Deadstring Brothers Sat., 8:00 p.m. November 3 @ Crack Fox - $7 By Roy Kasten Composed of four Detroit amigos and one amiga (harmony singer Marsha Marjieh, who is too good not to sing some lead), the Deadstring Brothers revive the comatose, quasi-country bar-band formula. They're probably sick of the Band and Stones circa Exile on Main Street comparisons, but the associations are inevitable given singer and songwriter Kurt Marschke's drawling, full-throated snarl (not to mention the jubilant rave-ups, an obsession with sinners and shadows, and slide guitar slipping into a thick Hammond-organ stereo mix). They're funky but not jammy, loud but not noisy, smart but not effete -- hence they're anathema to indie fashion, which is all the more reason to catch their St. Louis debut.
Via Dove Sat., 8:30 p.m. November 3 @ The Firebird - $8 By Annie Zaleski From this 2010 show review: Via Dove's debut full-length, El Mundo Latino, is in line with the hurricane-rock atmosphere of its live shows. Jagged guitar riffs, gigantic drums, deep-grooved rhythms and vocalist Andy Shadburne's twang-burnished growls dominate these eleven songs. Familiar touchstones abound: the Black Keys' lo-fi blues ("Need Someone"), Everclear's grunge-pop ("I Don't Mind"), Kings of Leon's dirty Southern boogie ("(I Can't) Recognize the Signs") and Pearl Jam's arena-caliber, classic-rock nuance ("Treasure"). Highlights include the slithering, bass-driven "All We've Got" -- which features some dirty, sleazy saxophone from Manoj Mohan -- and the blink-and-you'll-miss-it snarl, "Fast Times." Shadburne is a clear but powerful singer, and his dynamic range easily handles these variations on a rock & roll theme.

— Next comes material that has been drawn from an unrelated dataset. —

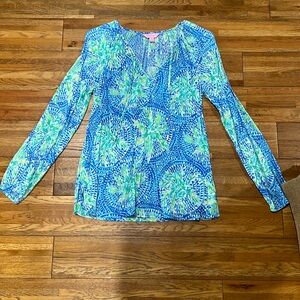 Lilly Pulitzer long sleeve blouse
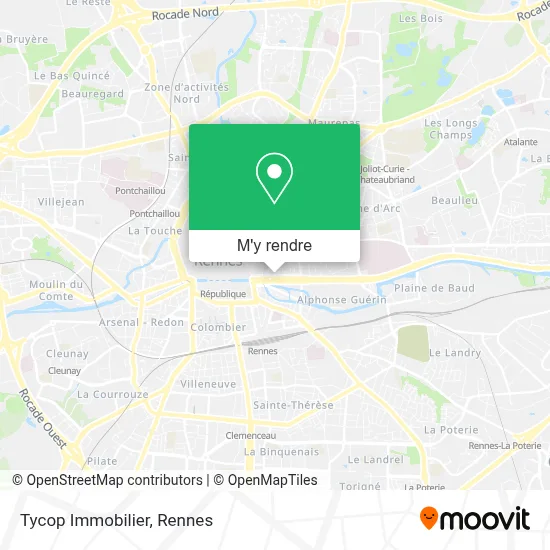 Tycop Immobilier plan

Enabler Sun., 7:00 p.m. November 4 w/ Tropical Storm! @ Fubar - $8 / $10 By Ryan Wasoba Milwaukee outfit Enabler occupies a familiar space on the metallic fringe of hardcore, combining Kill Em All riffs with Black Flag chants. What separates Enabler from the metalcore pack is its ability to push its physical and creative boundaries, deal with personal and political themes, and make it all sound like a party. This might explain the wide variety of credibility in the band's resume. On one end of the spectrum, Enabler's All Hail The Void was just released on the ultra-hip metal label Southern Lord. On the other, the band's original drummer Andy Hurley was in a moderately successful band called Fall Out Boy. Crucial Breakdown: Be prepared for the less-than-subtle Jesus bashing gang vocal of. "No one is coming back from the dead" on "False Profit."